* _GIVEN DATA_
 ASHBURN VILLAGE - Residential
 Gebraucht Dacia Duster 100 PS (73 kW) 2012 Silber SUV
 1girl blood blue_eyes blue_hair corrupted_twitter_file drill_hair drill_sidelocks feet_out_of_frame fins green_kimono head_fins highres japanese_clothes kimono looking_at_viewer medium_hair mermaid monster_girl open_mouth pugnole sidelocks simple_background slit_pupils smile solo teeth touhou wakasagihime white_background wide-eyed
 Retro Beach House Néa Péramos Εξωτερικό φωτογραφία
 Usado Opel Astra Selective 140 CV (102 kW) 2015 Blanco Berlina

==

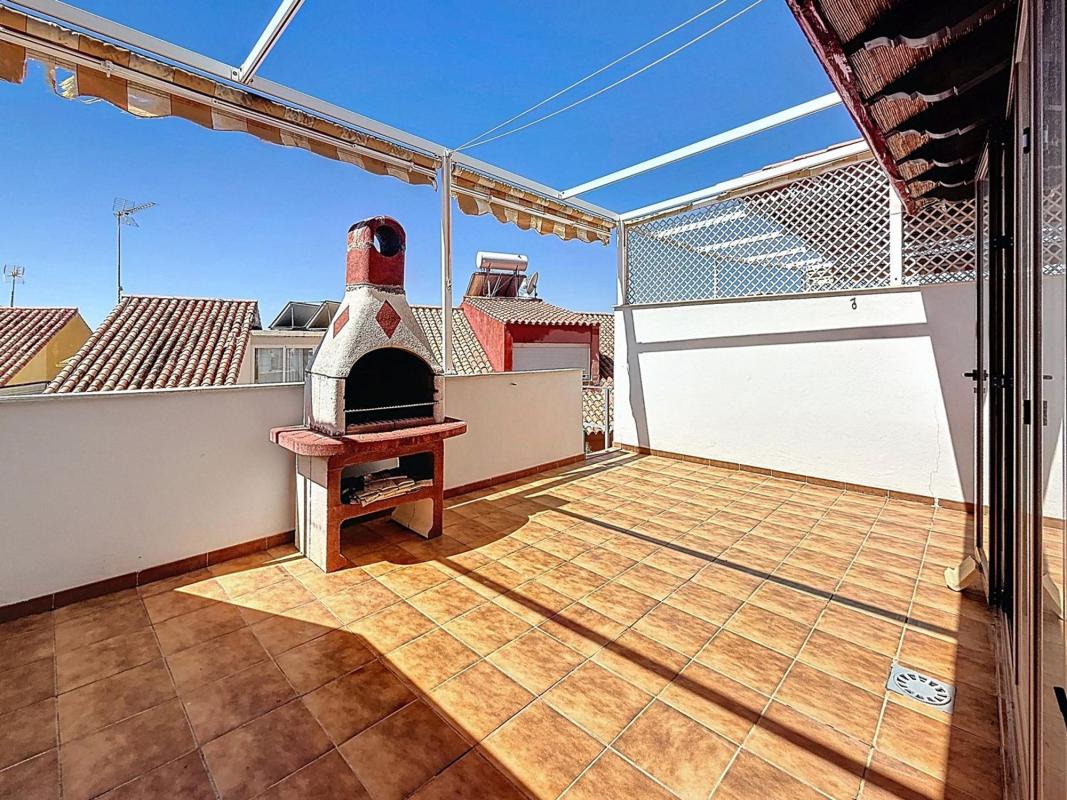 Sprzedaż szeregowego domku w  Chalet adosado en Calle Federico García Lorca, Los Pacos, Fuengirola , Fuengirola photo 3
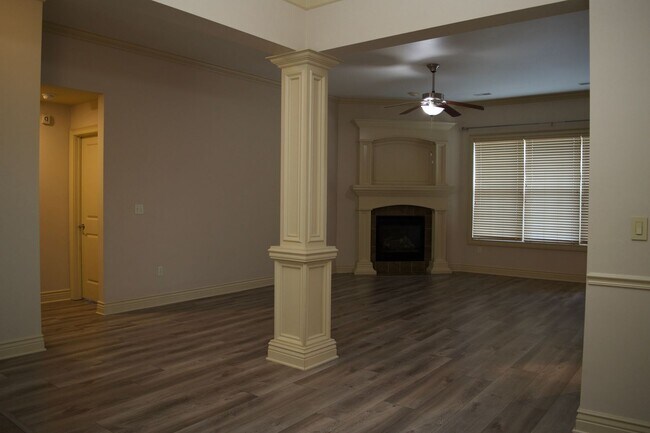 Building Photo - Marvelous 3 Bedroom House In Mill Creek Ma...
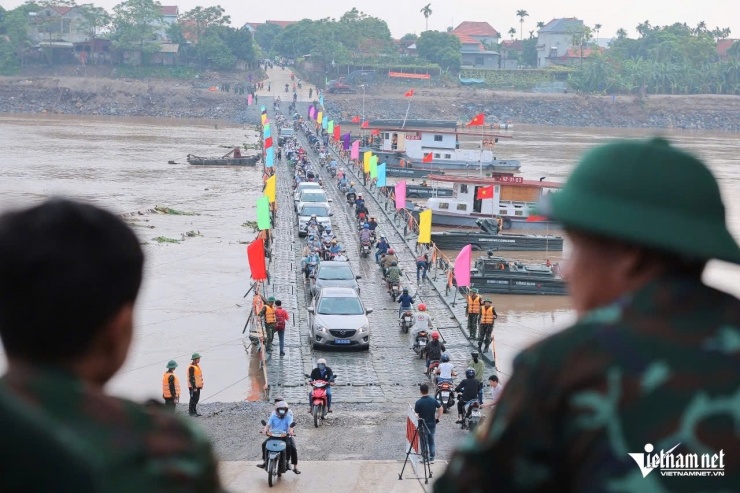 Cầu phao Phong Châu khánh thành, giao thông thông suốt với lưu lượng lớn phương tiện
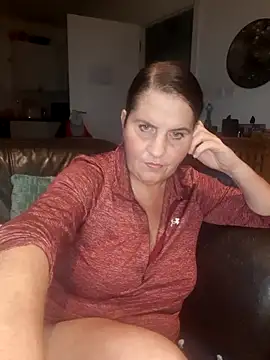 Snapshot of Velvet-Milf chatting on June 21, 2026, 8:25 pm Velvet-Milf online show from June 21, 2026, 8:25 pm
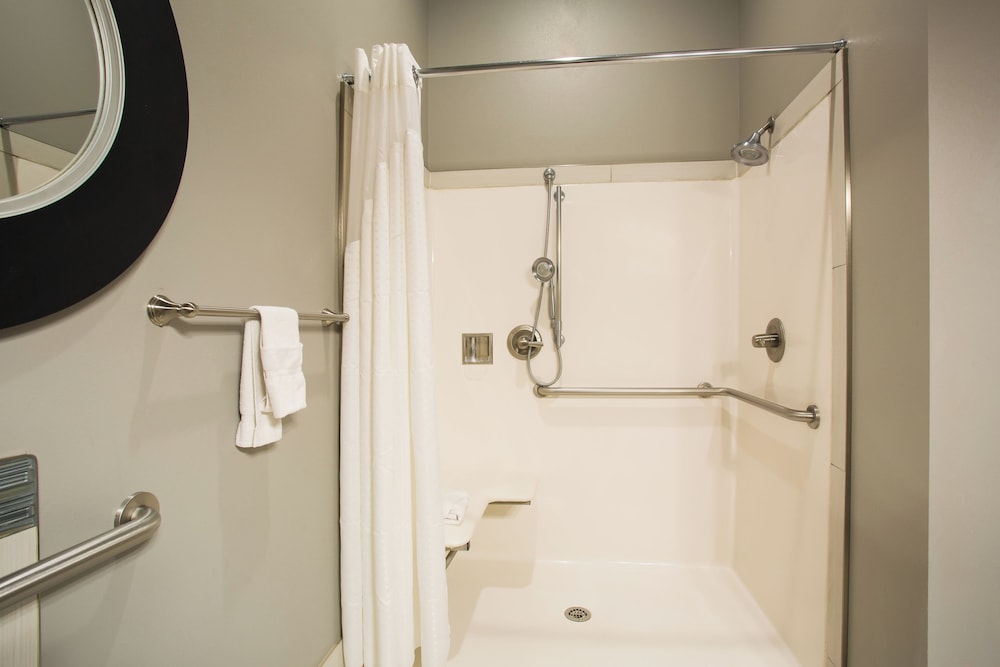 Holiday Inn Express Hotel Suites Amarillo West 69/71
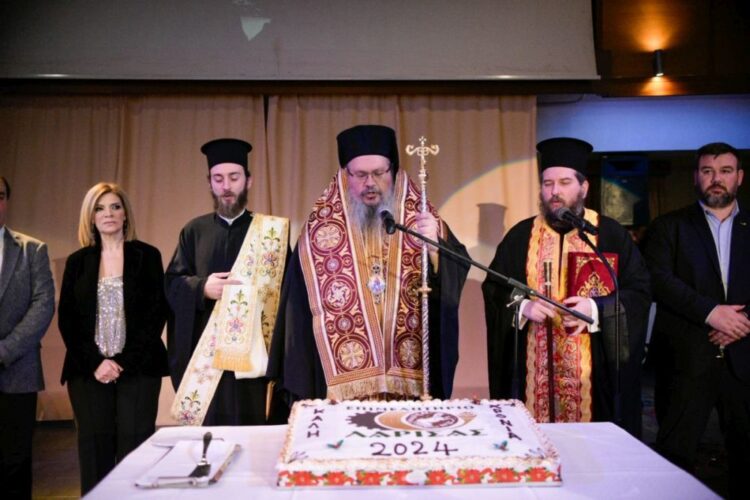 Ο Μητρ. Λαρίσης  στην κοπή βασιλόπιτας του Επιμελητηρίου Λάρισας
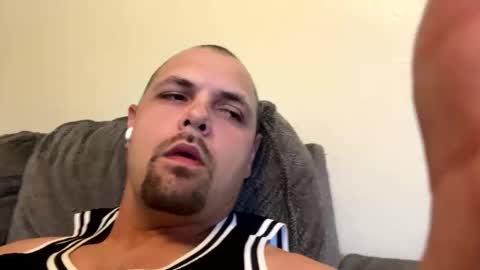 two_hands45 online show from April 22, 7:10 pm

* * *

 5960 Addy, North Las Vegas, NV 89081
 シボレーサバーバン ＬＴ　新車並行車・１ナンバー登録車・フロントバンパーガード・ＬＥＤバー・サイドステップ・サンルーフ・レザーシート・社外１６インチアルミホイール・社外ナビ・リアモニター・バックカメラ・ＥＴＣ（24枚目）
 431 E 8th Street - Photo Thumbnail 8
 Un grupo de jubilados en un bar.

* _TASK TO CARRY OUT_
Only one stretch of the entries above is wanted: the lines from the one containing "ASHBURN VILLAGE - Residential" through the one containing "Usado Opel Astra". Please reproduce it exactly.

* _YOUR RESPONSE_
 ASHBURN VILLAGE - Residential
 Gebraucht Dacia Duster 100 PS (73 kW) 2012 Silber SUV
 1girl blood blue_eyes blue_hair corrupted_twitter_file drill_hair drill_sidelocks feet_out_of_frame fins green_kimono head_fins highres japanese_clothes kimono looking_at_viewer medium_hair mermaid monster_girl open_mouth pugnole sidelocks simple_background slit_pupils smile solo teeth touhou wakasagihime white_background wide-eyed
 Retro Beach House Néa Péramos Εξωτερικό φωτογραφία
 Usado Opel Astra Selective 140 CV (102 kW) 2015 Blanco Berlina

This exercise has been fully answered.